ICML 2018: Trip Report

Mux just returned from an exciting week at the 35th International Conference on Machine Learning (ICML). This was our first year attending, and it was great to spend an immersive week in talks and workshops to learn about the latest in machine learning.

Compared to other machine learning conferences, ICML is much more focused on the latest cutting-edge research across all domains of machine learning.

Growth of ICML

The popularity of ICML has grown considerably since it first began in 1980. In the past ten years, the number of submissions has grown approximately five-fold from 500 to an astounding 2,500 this year.
Source: Source: Peltarion

Out of those submissions, ICML accepted 631 papers. The majority of accepted papers came from who you'd expect: the powerhouse tech companies and prestigious universities. Microsoft had 26 accepted papers; Facebook AI Research (FAIR) managed 19 accepted papers; Amazon, Tencent, and Uber each managed around 10 papers. Apple lagged behind the rest with a mere 3 papers.

Much has been said about Alphabet's lead in machine learning, but it becomes readily apparent simply from comparing the publication counts. There were 30 papers by DeepMind alone; meanwhile, Google AI had an astounding 52 papers.

In other words, Alphabet had more papers at ICML than Facebook, Microsoft, Apple, Amazon, Tencent, and Uber combined.

Talks and Submissions

Unlike some business-focused AI conferences, like ODSC or O'Reilly for example, the content at ICML is more academically centered and seemed to have two main themes:

  1. How can we beat the previous state-of-the-art in computer vision, natural language, reinforcement learning, etc.?

  2. How can we achieve close to state-of-the-art results while dramatically improving performance?

For recurrent and convolutional networks, more of the talks seemed to be centered around performance and optimizations.
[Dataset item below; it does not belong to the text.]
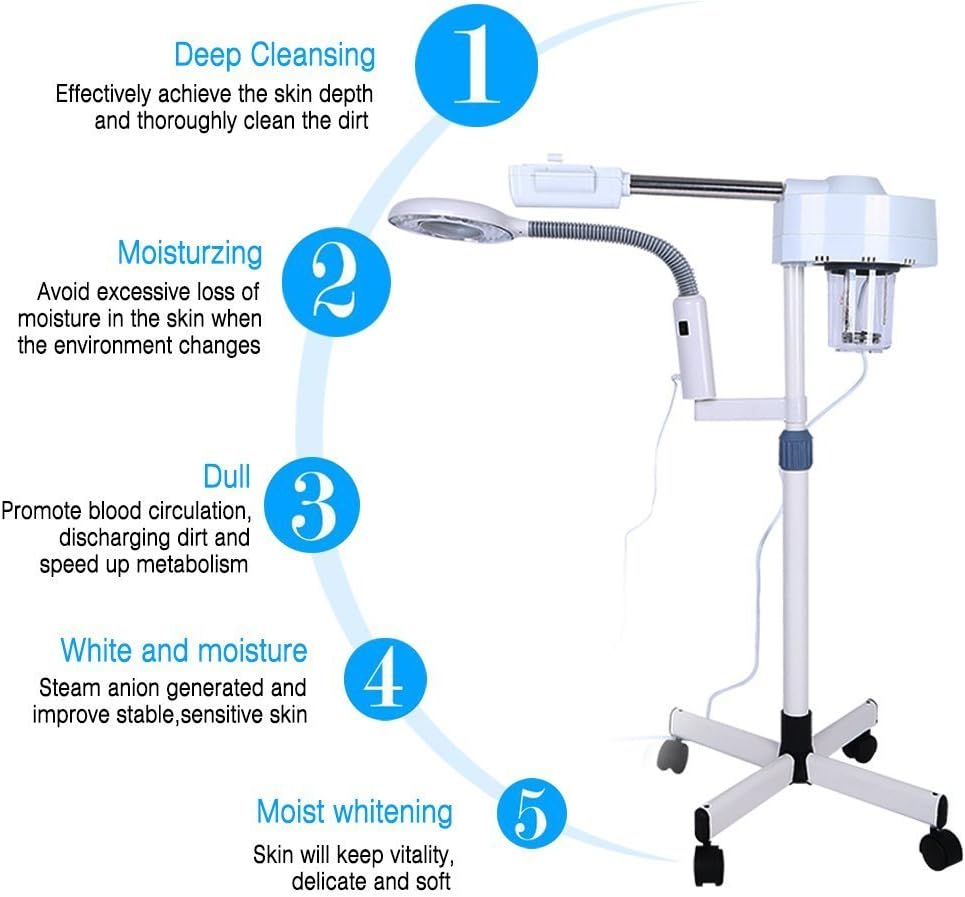 Magnifier Floor Light, 2 in 1 LED Cold Light Steamer with 5X Magnifying Lamp Machine for Home Salon Spa Ionic Skin Care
A few excellent papers on optimizing training for deep networks include Spotlight, which uses reinforcement learning to optimize device placement, and another paper on optimizing DNNs through overparameterization.
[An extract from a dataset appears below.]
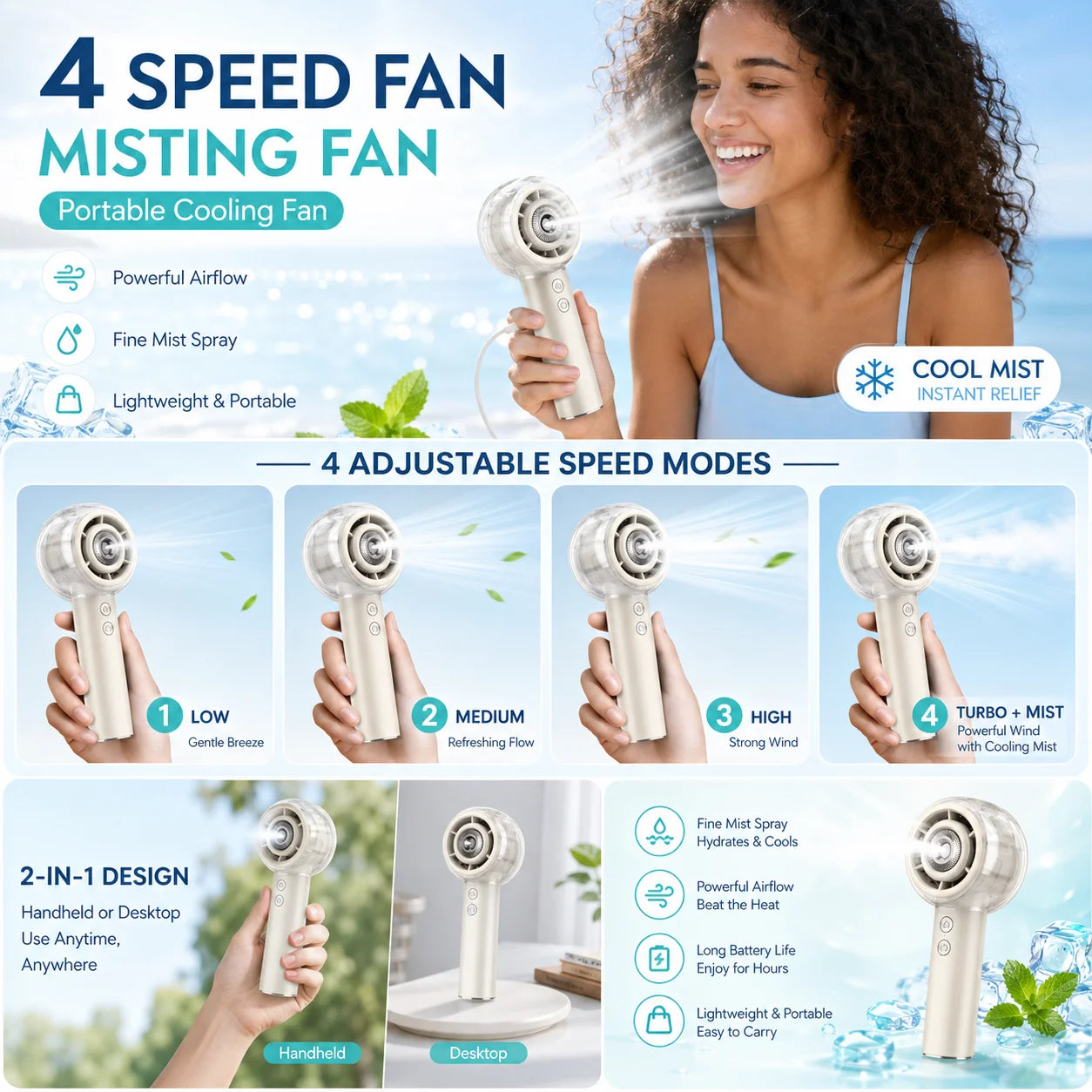 Misting Portable Handheld Fan 6000mAh Rechargeable Battery For Travel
Improving the efficiencies of networks was also the subject of Max Welling's excellent keynote talk (and my favorite of the three).
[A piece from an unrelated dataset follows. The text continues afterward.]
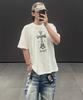 Damiswi Vintage Cracked Cross Graphic T-Shirt_White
Many of the optimization talks given were related to reinforcement learning, which continues to have serious hurdles when it comes to convergence speeds.

Earlier this year, Alex Irpan wrote an excellent blog post detailing many of the current issues with deep reinforcement learning, such as huge learning times or unstable convergence. So, it's unsurprising that reinforcement learning was a main focus of the conference.

Source: Peltarion

RL dominated the sessions, along with neural network architectures, which was less focused on a specific domain. A few of our favorite picks from the reinforcement learning sessions are:

Concurrent Reinforcement Learning, which showed a significant speedup in training Cartpole by running concurrent simulations and sharing information periodically

Transfer Learning with RL, a DeepMind paper that details a transfer framework for changing the reward function in an environment.

Cooperative Inverse Reinforcement Learning, which shows how to expand the action space of the agent through a human "teaching" the robot new behaviors.

The Booths and Show Floor

Besides the sessions, there was a show floor that mostly had booths from several large tech companies (as well as some head scratchers like Wayfair). The floor was quite spacious, and it was fun to walk around between sessions. Additionally, every two-three hours, they would stock a ring of stations around the booths with coffee, tea, and pastries, which was quite nice.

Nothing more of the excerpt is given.